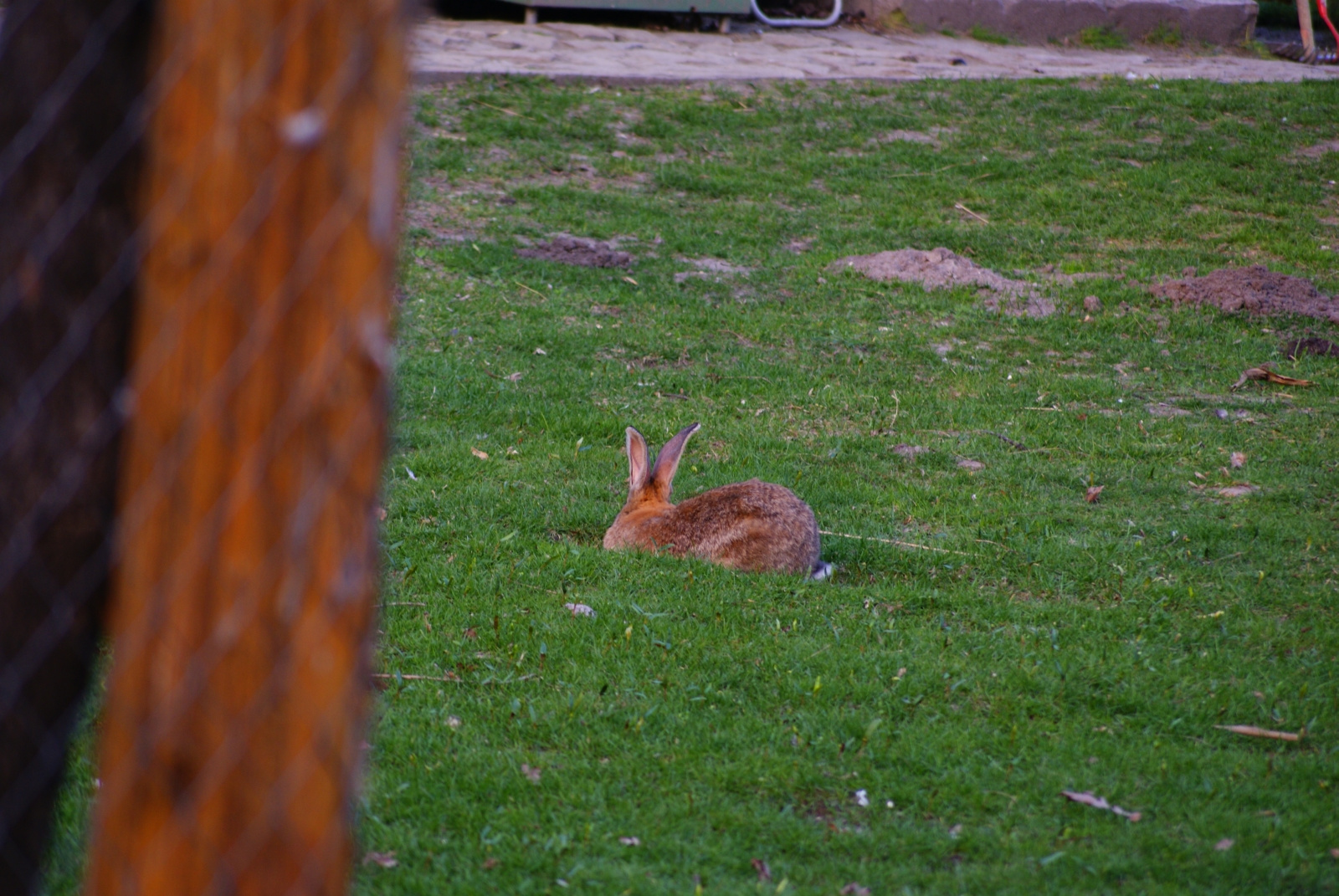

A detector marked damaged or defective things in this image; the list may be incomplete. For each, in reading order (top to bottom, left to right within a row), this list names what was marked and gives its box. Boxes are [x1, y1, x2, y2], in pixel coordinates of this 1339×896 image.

rusty metal post [83, 2, 402, 888]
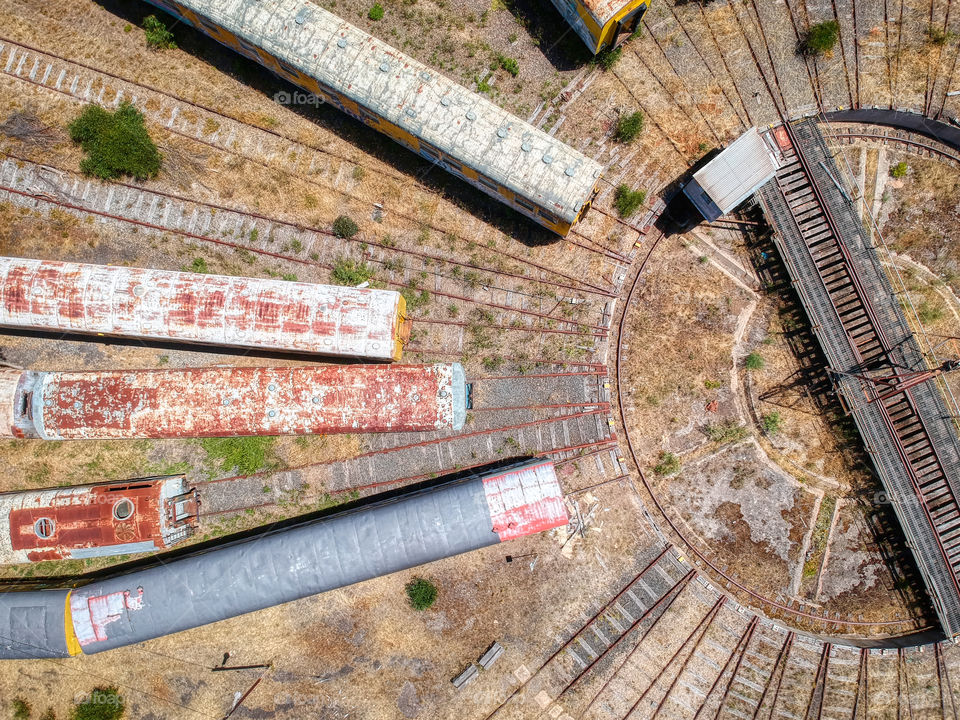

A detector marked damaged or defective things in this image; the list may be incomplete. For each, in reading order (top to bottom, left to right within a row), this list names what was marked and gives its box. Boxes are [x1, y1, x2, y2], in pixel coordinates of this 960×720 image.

rusty train car [140, 0, 604, 233]
corroded metal [0, 258, 408, 360]
rusty train car [0, 258, 408, 362]
rusty train car [0, 366, 464, 438]
corroded metal [0, 362, 464, 442]
rusty train car [0, 476, 198, 564]
corroded metal [0, 476, 198, 564]
rusty train car [0, 462, 568, 660]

_Your goal_: The answer consists only of the lines from the one containing "this 960×720 image." to the end of the records, each written out exactly.

_Exercise answer_:
A detector marked damaged or defective things in this image; the list may be incomplete. For each, in reading order (top to bottom, left to right within a row), this list names what was marked and gives its box. Boxes are [x1, y1, x2, y2], in pixel coordinates of this 960×720 image.

rusty train car [140, 0, 604, 233]
corroded metal [0, 258, 408, 360]
rusty train car [0, 258, 408, 362]
rusty train car [0, 366, 464, 438]
corroded metal [0, 362, 464, 442]
rusty train car [0, 476, 198, 564]
corroded metal [0, 476, 198, 564]
rusty train car [0, 462, 568, 660]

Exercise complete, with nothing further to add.